# lubricant recomendations for my lathe?



## wrenchbender (Dec 30, 2012)

I recently acquired a 13" tool room lathe and I am having no luck finding the recommended oils here in southern mb. the recommendations are all over the board from grease to motor oil cut with wd40. I would greatly appreciate a bit of help. I can have the SB stuff sent up but the freight is nearly heart attach inducing. we have a local Petro can distributor that has a lot of oils, but they haven't had any luck crossing over the numbers on my lube chart. I think it is because of the age of the lathe.

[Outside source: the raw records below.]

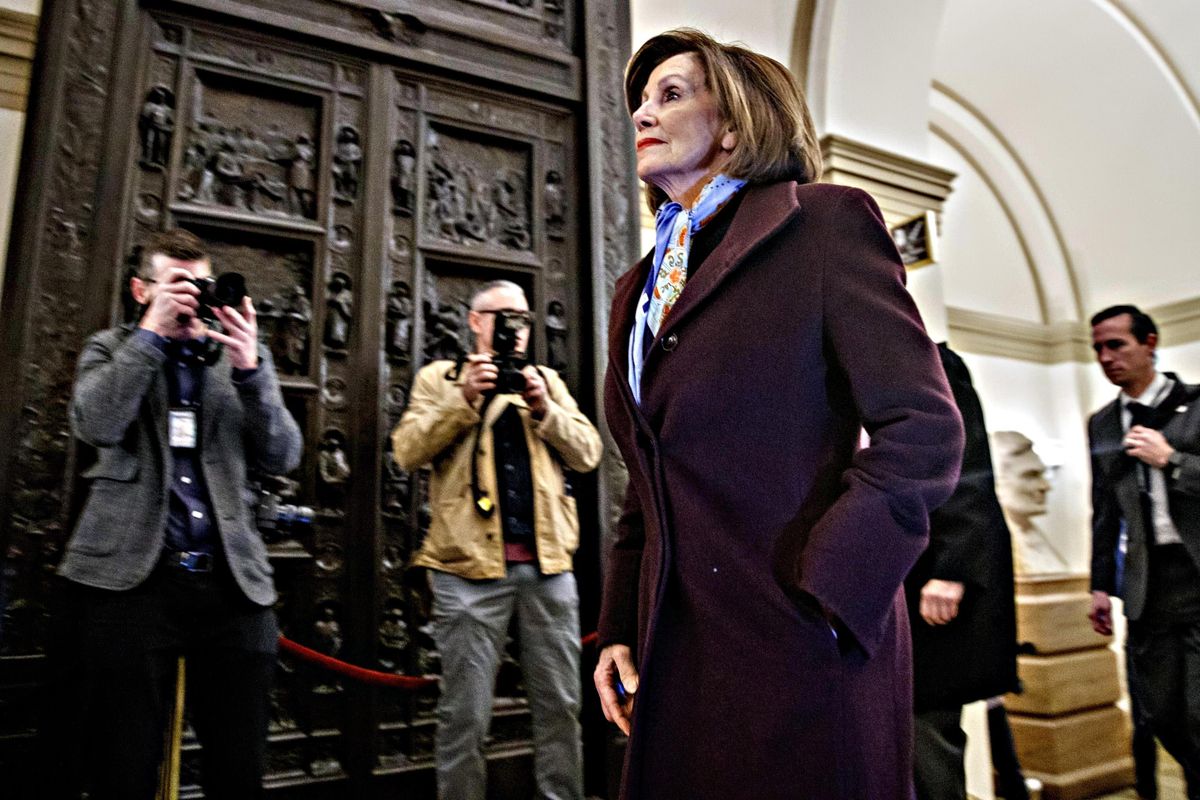 L’impeachment a Trump fu pilotato. Lo ammettono persino i democratici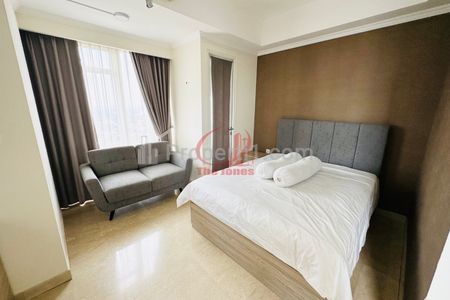 For Rent Apartemen Menteng Park Tower Sapphire Type 1 Bedroom Full Furnished, Dekat TIM, RSCM, Bunda Hospital, dan Kampus UI Salemba
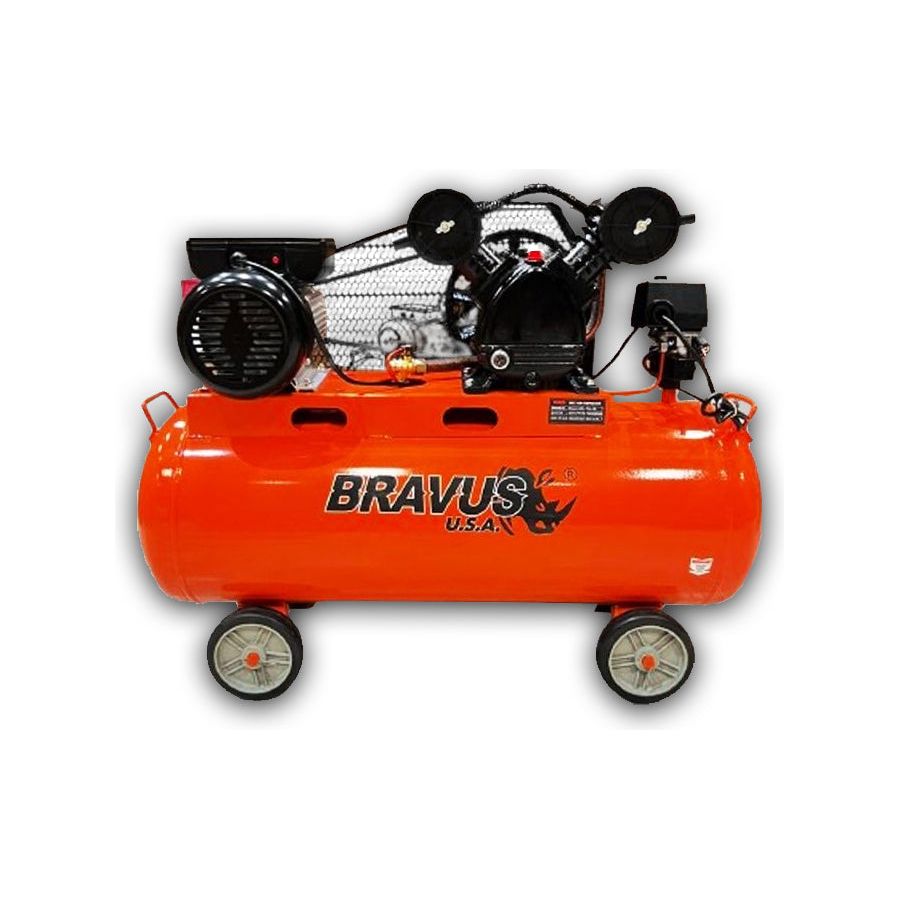 Bravus BAC01HP Air Compressor 1HP | Bravus by KHM Megatools Corp. Main image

much thanks and a happy new year to all.
John


----------



## ultrapan (Dec 30, 2012)

I bought mine from these guys on ebay it showed up really fast http://www.ebay.com/itm/2-PINTS-SOU...190?pt=LH_DefaultDomain_0&hash=item33769869fe


----------



## macrnr (Dec 30, 2012)

check this out.


----------



## wrenchbender (Dec 30, 2012)

thx to all of you guys for responding the link by macrnr is what i am looking for. I can have the local guys cross reference it and get me locally sourced oil.
the problem with getting oil from the U.S. is the freight to get it over the border with the hazmat side of things. 
thx again.


----------



## SE18 (Dec 30, 2012)

Enco sells lubes by the gallon, about $20 per; includes most mentioned

I always wondered why the gearbox oil is different than the gears on the headstock (reversing gears, and all the others as you open the side door). I'm using a 9A Southbend.

Also, the most confusing thing I have yet to figure out is whether or not to put oil or grease in the 2 motor gits (GE 1/2 HP, I'm assuming original from 1942). I have yet to figure which is correct.

Dave


----------